In 2016, a pocket, beach catamaran foiler, car topable, is coming out of the molds, several cruising cats are being announced with “z” lifting foils and besides the Vendee Globe proving year for the near-foiling IMOCA solo sleds, the cruising monohull world is poised to stick foils out the side to handle more horsepower and steady the ride.
Sailing sponsors have been looking for mass media appeal since professionalism crept into the once-largely corinthian realm of the sport in the late 1990s and early 2000s. Not enough pro events to follow, and little to no tangible access to the type of boats used in pro series has kept events and their sponsors struggling to get eyeballs/viewership.
In 2016, nearly a dozen professional sailing tours, including youth pathways, Olympic sailing going full professional, AND heavy efforts to produce recreational versions of the foilers the pros are racing (and cool foils being put on recreational monohulls) seem to be finally making that mass appeal connection.
If there are more events to watch, with recognizable characters across the range and something to buy to help channel/capture that interest, then sailing may finally dig its fingernails into the holy grail of sport: investment, both in fan base and participation.
Though a little beach foiler is exciting, and will likely boost participation in sailing and even viewership of pro events, I believe mass appeal of the sport can certainly be found in the adventure lifestyle of cruising. Couples like the circumnavigators Hiscocks and Pardeys have shown that sailing around the world, as a lifestyle, is possible, challenging and ultra rewarding, lecturers like Pam Wall who does seminars for West Marine on cruising as a family go even further.
In the May issue of Cruising World I wrote about three families who couldn’t resist the temptations and potential rewards of adventures like Pam Wall’s. The more “average” people who successfully tackle these challenges, and with a growing insatiable appetite for online family adventure ideas, the more “sailing away” will seem attainable.
With alluring destinations like Cuba opening up for cruisers and racers, exciting possibilities for ocean traveling are real. I wrote about a sneaky trip there in the February 2016 issue of SAIL magazine.
The Cruising World issue just hit the stands and I have received literally dozens of emails saying how cool they thought that story was and that they are inspired. I get far less response from even my most viewed (online) New York Times sports stories.

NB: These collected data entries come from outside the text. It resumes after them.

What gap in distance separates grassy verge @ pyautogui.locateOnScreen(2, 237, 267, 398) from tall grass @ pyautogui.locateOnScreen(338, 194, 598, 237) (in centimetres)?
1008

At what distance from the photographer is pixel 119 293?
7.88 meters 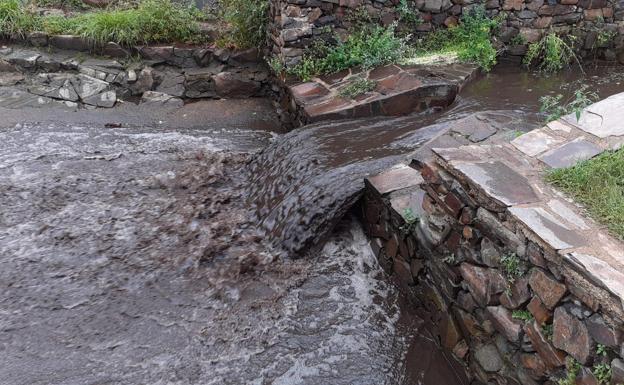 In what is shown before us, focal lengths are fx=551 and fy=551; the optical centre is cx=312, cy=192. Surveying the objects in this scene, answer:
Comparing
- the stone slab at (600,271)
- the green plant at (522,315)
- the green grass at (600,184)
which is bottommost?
the green plant at (522,315)

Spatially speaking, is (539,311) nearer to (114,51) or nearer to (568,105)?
(568,105)

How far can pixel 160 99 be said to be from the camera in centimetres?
670

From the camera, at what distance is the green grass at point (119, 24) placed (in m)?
6.79

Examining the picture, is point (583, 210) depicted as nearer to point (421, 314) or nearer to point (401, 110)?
point (421, 314)

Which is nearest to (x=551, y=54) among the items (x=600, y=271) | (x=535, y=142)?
(x=535, y=142)

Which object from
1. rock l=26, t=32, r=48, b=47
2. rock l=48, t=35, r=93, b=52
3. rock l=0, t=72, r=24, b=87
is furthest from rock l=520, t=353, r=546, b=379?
rock l=26, t=32, r=48, b=47

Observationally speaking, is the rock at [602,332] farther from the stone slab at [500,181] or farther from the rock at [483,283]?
the stone slab at [500,181]

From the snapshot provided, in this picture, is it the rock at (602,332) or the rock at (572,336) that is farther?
the rock at (572,336)

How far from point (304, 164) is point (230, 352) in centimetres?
179

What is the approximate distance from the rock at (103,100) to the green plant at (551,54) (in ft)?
16.1

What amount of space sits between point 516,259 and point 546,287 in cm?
20

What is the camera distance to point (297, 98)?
5586 millimetres

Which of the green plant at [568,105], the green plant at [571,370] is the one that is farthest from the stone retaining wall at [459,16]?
the green plant at [571,370]

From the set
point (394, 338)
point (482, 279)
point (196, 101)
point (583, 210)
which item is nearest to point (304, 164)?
point (394, 338)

Taping into the broader appeal of the cruising/passagemaking set is the exceptionally well produced Podcast 59North by Andy and Mia Schell.

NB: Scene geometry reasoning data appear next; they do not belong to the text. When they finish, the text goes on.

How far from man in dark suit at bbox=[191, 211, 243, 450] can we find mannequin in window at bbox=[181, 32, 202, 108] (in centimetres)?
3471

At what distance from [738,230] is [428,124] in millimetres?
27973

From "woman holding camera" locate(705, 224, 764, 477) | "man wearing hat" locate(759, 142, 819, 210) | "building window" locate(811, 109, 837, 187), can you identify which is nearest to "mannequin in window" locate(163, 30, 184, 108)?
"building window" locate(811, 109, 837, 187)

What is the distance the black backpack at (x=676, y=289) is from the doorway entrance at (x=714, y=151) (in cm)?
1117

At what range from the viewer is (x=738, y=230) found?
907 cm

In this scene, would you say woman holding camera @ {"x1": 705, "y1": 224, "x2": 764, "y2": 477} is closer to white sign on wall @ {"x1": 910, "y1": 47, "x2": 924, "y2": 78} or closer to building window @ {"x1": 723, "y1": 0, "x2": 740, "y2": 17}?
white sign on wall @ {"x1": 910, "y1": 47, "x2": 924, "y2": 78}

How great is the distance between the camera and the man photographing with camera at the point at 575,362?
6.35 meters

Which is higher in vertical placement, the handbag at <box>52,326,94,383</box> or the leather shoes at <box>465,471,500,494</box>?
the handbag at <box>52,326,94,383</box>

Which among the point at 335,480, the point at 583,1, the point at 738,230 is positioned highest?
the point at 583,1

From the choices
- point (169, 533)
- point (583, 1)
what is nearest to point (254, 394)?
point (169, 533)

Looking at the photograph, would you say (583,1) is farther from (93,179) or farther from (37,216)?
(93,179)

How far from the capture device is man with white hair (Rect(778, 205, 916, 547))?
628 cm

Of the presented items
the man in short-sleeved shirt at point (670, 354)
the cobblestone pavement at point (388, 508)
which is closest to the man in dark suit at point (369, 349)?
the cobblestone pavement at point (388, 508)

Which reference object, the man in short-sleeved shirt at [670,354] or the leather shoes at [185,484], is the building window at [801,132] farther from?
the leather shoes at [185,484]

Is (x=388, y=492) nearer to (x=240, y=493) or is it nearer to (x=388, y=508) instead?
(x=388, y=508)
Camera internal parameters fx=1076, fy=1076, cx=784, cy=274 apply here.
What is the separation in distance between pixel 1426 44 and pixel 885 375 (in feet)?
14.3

Andy and Mia offer sailing adventures on their Swan 48 Isbjorn. They take you on passages across oceans, between islands and even in offshore races. They teach you how to handle ocean sailing and also enjoy the challenges and serenity of it all. Andy also interviews offshore sailors, industry legends, event organizers and boat manufacturers, and through his hour-long discussions, has been gauging the temperature of the adventure side of our sport. His recent interview with Jesse and Samantha Osborne who sailed through the Northwest Passage dodging Polar Bears and averaging 3-knots so they don’t “come upon the ice too fast” is the stuff National Geographic articles are made of.
I mention this along with hydrofoiling and media attention because as pro events rise, they bring attention to the sport and the technologies being exploited/developed. There are growing outlets for that interest, stuff to buy and use to go riding on the water. The introduction of horizontal or DSS-type foils to cruising boats is going to link these two spaces and the cumulative result could very well have multiplayer effect on interest and participation in sailing.

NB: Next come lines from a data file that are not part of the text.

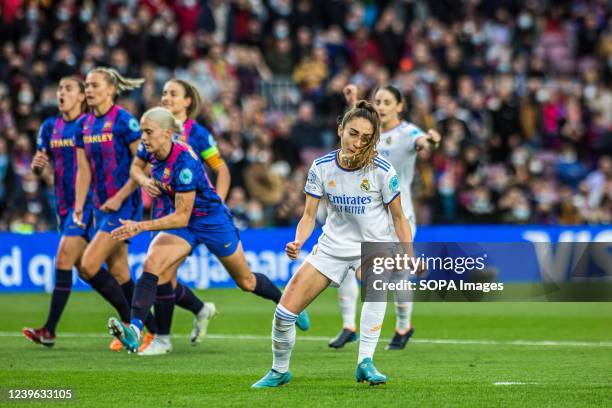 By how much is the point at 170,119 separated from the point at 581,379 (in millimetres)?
4173

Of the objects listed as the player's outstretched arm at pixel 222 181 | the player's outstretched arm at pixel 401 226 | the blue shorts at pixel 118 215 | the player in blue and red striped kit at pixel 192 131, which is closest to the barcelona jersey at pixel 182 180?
the player's outstretched arm at pixel 222 181

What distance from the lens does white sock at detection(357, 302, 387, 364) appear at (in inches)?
343

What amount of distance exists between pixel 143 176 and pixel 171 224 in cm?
73

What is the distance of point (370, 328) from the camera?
873cm

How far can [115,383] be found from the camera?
907cm

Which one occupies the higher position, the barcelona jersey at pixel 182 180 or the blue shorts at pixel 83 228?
the barcelona jersey at pixel 182 180

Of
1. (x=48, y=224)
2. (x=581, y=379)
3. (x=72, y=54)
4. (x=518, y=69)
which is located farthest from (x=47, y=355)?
(x=518, y=69)

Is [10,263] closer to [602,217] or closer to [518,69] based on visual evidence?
[602,217]

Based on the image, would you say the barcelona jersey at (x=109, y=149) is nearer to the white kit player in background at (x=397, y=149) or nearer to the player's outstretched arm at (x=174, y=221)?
the player's outstretched arm at (x=174, y=221)

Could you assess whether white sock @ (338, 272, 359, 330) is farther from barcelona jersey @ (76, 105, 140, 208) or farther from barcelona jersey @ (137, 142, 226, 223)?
barcelona jersey @ (76, 105, 140, 208)

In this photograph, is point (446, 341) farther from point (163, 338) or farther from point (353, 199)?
point (353, 199)

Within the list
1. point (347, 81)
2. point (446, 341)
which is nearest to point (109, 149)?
point (446, 341)

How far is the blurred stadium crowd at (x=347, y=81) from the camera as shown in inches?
818

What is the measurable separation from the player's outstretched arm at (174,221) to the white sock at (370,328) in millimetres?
2373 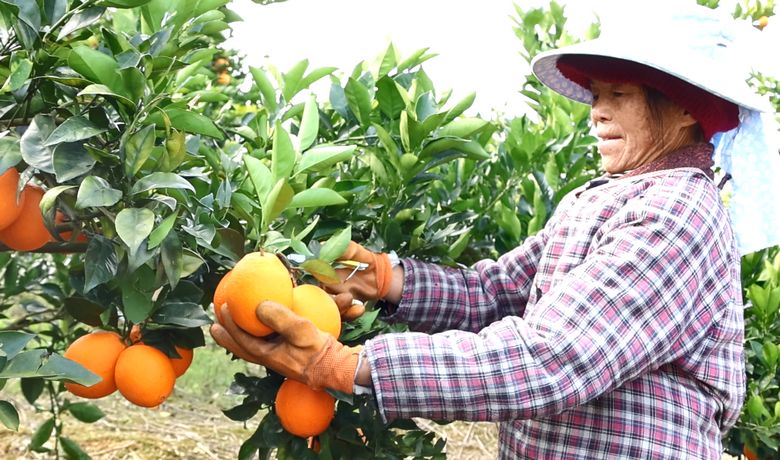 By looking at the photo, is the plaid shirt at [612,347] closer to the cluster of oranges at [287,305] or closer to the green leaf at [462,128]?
the cluster of oranges at [287,305]

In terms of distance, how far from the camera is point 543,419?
1254 mm

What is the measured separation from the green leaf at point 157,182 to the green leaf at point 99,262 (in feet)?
0.28

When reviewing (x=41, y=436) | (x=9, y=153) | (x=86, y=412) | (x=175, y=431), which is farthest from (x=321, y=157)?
(x=175, y=431)

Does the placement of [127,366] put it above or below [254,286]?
below

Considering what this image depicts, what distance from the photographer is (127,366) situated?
3.53 ft

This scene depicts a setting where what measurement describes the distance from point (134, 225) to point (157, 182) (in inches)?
2.4

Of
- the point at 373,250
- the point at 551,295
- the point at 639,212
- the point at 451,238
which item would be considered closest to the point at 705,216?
the point at 639,212

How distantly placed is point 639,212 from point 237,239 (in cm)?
55

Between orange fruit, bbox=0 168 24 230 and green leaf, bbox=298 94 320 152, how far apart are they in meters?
0.38

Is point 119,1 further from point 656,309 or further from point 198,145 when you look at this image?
point 656,309

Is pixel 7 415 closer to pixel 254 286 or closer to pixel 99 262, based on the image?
pixel 99 262

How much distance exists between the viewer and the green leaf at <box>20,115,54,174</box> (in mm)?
891

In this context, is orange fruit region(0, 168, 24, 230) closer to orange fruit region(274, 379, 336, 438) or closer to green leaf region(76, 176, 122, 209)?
green leaf region(76, 176, 122, 209)

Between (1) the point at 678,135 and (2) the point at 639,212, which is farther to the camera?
(1) the point at 678,135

Small boat and particularly high performance sailing is not for everyone, though Hobie Alter proved with his cats that it can be for tons of people. A heeling, undulating monohull cruising boat, at least underway when it is exhibiting these traits, is not for everyone either. Steady that ride out, draw a connection to the coolest and most high profile avenues of the sport, then you may have something.
This year will be equally as dynamic as last. The one elephant in the room, however, is waterfront access and COST. Until those two points are addressed, the struggle to turn mass appeal into mainstream acceptance will remain just that.